■ TO DO
Give again the entries below exactly, beginning at the first line and ending at the line with "7892110201636 - DEVIL".

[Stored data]
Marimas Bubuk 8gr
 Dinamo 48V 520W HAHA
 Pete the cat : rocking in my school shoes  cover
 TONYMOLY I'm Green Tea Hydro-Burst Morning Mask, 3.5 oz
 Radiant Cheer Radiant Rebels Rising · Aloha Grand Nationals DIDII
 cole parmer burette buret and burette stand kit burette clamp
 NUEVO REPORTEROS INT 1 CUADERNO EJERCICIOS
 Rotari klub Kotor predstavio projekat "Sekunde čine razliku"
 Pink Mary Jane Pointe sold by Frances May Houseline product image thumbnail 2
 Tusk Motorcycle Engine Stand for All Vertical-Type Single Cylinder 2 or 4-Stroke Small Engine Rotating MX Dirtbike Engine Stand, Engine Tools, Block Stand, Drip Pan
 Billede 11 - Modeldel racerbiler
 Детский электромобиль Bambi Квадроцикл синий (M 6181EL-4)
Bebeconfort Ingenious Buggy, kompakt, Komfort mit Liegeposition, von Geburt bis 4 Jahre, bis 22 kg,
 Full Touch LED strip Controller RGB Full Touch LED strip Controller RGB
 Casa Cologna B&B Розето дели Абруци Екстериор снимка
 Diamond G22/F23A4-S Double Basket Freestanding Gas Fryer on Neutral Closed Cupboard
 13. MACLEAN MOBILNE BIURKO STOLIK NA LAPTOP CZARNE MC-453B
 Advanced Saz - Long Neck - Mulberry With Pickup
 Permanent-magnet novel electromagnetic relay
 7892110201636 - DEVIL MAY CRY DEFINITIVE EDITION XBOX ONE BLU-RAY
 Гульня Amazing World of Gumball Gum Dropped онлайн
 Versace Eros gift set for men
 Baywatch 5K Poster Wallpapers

■ TASK RESPONSE
Marimas Bubuk 8gr
 Dinamo 48V 520W HAHA
 Pete the cat : rocking in my school shoes  cover
 TONYMOLY I'm Green Tea Hydro-Burst Morning Mask, 3.5 oz
 Radiant Cheer Radiant Rebels Rising · Aloha Grand Nationals DIDII
 cole parmer burette buret and burette stand kit burette clamp
 NUEVO REPORTEROS INT 1 CUADERNO EJERCICIOS
 Rotari klub Kotor predstavio projekat "Sekunde čine razliku"
 Pink Mary Jane Pointe sold by Frances May Houseline product image thumbnail 2
 Tusk Motorcycle Engine Stand for All Vertical-Type Single Cylinder 2 or 4-Stroke Small Engine Rotating MX Dirtbike Engine Stand, Engine Tools, Block Stand, Drip Pan
 Billede 11 - Modeldel racerbiler
 Детский электромобиль Bambi Квадроцикл синий (M 6181EL-4)
Bebeconfort Ingenious Buggy, kompakt, Komfort mit Liegeposition, von Geburt bis 4 Jahre, bis 22 kg,
 Full Touch LED strip Controller RGB Full Touch LED strip Controller RGB
 Casa Cologna B&B Розето дели Абруци Екстериор снимка
 Diamond G22/F23A4-S Double Basket Freestanding Gas Fryer on Neutral Closed Cupboard
 13. MACLEAN MOBILNE BIURKO STOLIK NA LAPTOP CZARNE MC-453B
 Advanced Saz - Long Neck - Mulberry With Pickup
 Permanent-magnet novel electromagnetic relay
 7892110201636 - DEVIL MAY CRY DEFINITIVE EDITION XBOX ONE BLU-RAY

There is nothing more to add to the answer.